MAY 17: New Frontiers of Shamelessness: Bono’s Independent
“I have no embarrassment at all. No shame.” Bono says it himself, in the course of his luvvie interview with comic Eddie Izzard, and that’s a typically ‘disarming’ tactic. But don’t be disarmed: Bono’s shamelessness is of a whole different order from anything we’ve seen before, and it crosses new frontiers in the edition of the London Independent that he allegedly ‘edited’ today (16 May).
For a day, you see, it’s the RED Independent. (The capital letters in RED are obligatory, for some reason.) Much of the paper is given our to plugging Brand RED, this corporate PR strategy that sees a few big companies buy Bono-bestowed credibility in return for some shillings to Africa. If the word for Bono is indeed ‘shameless’, then the word that comes to mind in relation to the newspaper itself (a usually credible outlet in Irish mogul Tony O’Reilly’s media empire) is ‘prostitute’.

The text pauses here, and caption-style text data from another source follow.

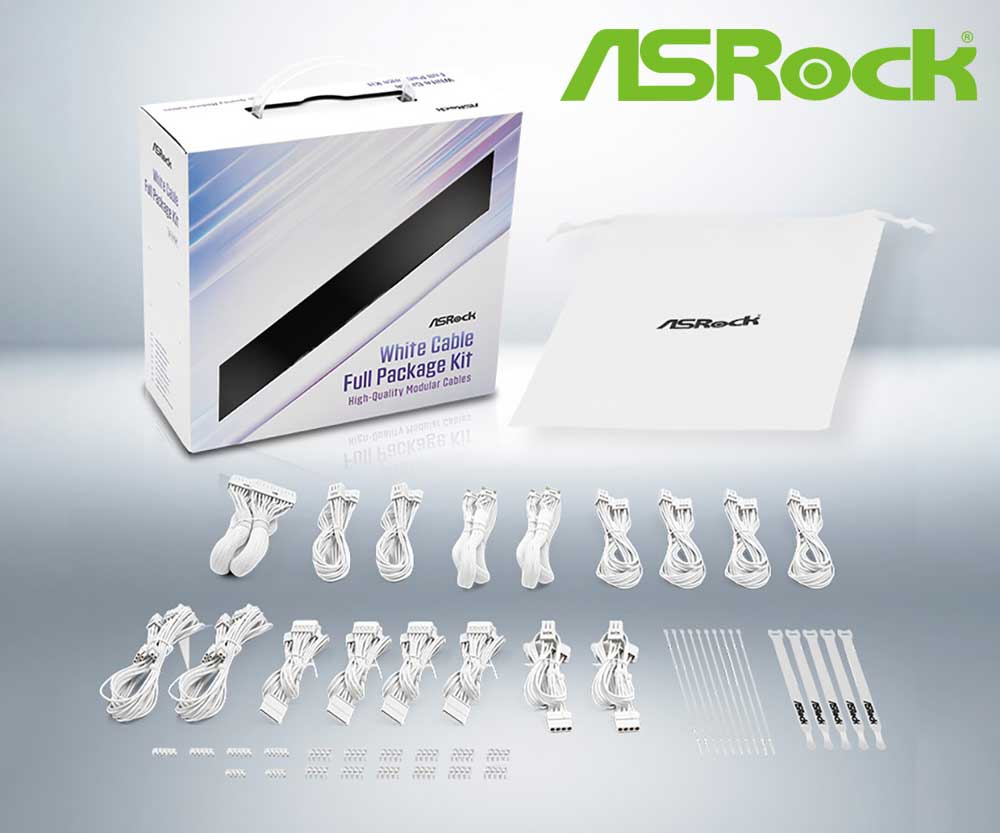 ASRock｜アスロック ASRock製 電源ユニット対応 電源ケーブル フルパッケージキット（ホワイト） CB-FKITWT
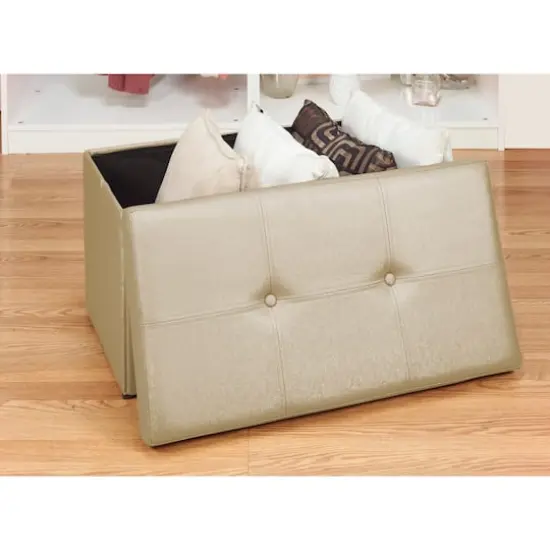 Simplify Metallic Gold Faux Leather Double Folding Storage Ottoman {3}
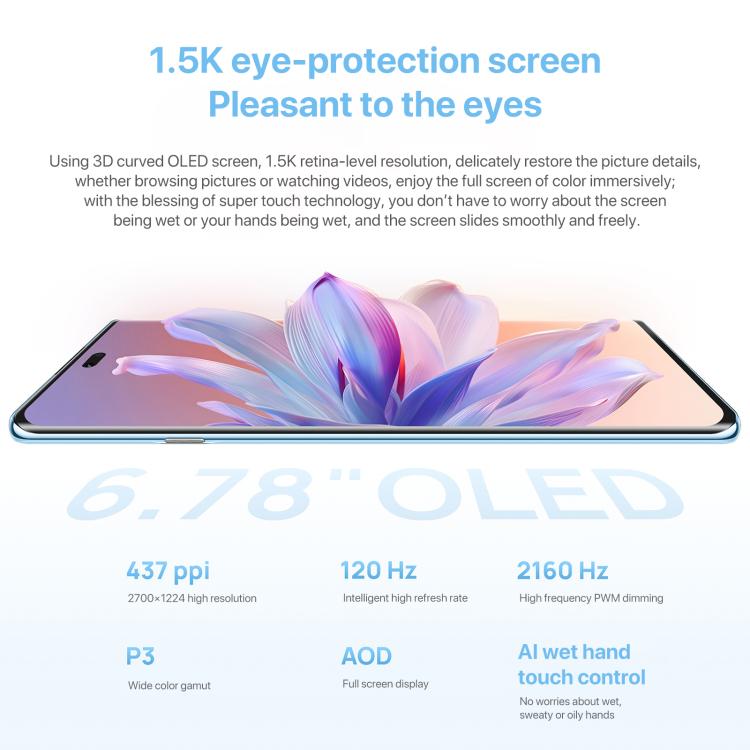 HUAWEI Enjoy 70X Vitality Edition, 8GB+256GB, Screen Fingerprint Identification, 6.78 inch HarmonyOS 4.2 Octa Core, OTG, Not Support Google Play (Blue) - free shipping - PMc TechLife - Order now!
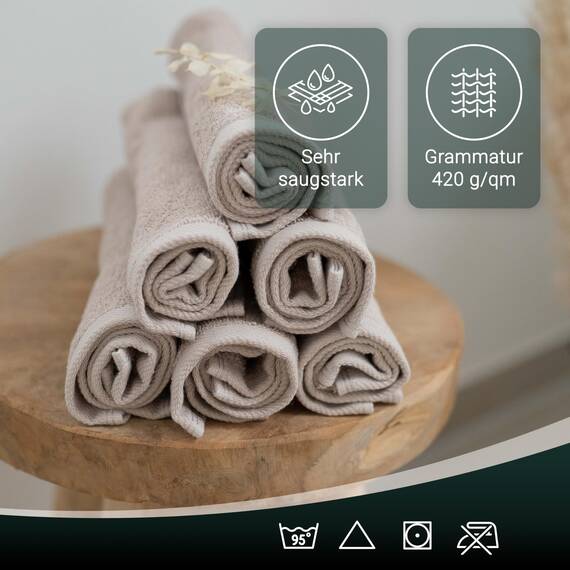 ZOLLNER 10er Set Gästehandtücher - weiche und saugstarke Handtücher - waschbar bis 95°C - Baumwolle - 30x50 cm in Cappuccino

Much of Bono’s RED Indy is online, but its special qualities are best appreciated on paper. RED is somehow related to the colour red anyway, so we get a front-page created by celebrity artist Damien Hirst, soaked in red and declaring “NO NEWS TODAY” and an asterisk leading to the small print: “Just 6,500 Africans died today as a result of a preventable, treatable disease. (HIV/AIDS)” So far, not terrible, highlighting the issue and its absence from the conventional Western news agenda. But why does it say “Genesis 1.27” on the cover? That’s the line about how “God created man in his own image, in the image of God he created him; male and female he created them.” Since Bono is responsible for creating this paper in his image, does that mean he’s God?
It’s not an entirely facetious question. Certainly this edition, largely given over to Africa and AIDS, creates an image of a continent in dire need of an outside Savior. On page after page, in stories, photographs and advertisements, Africans are presented as pathetic victims, often children. No Africans write about Africa. Only one is presented in an interview as having any agency at all, Nigerian finance minister Ngozi Okonjo-Iweala. It is remarkable that even for the sake of appearances Bono is incapable of hiding his essential paternalism.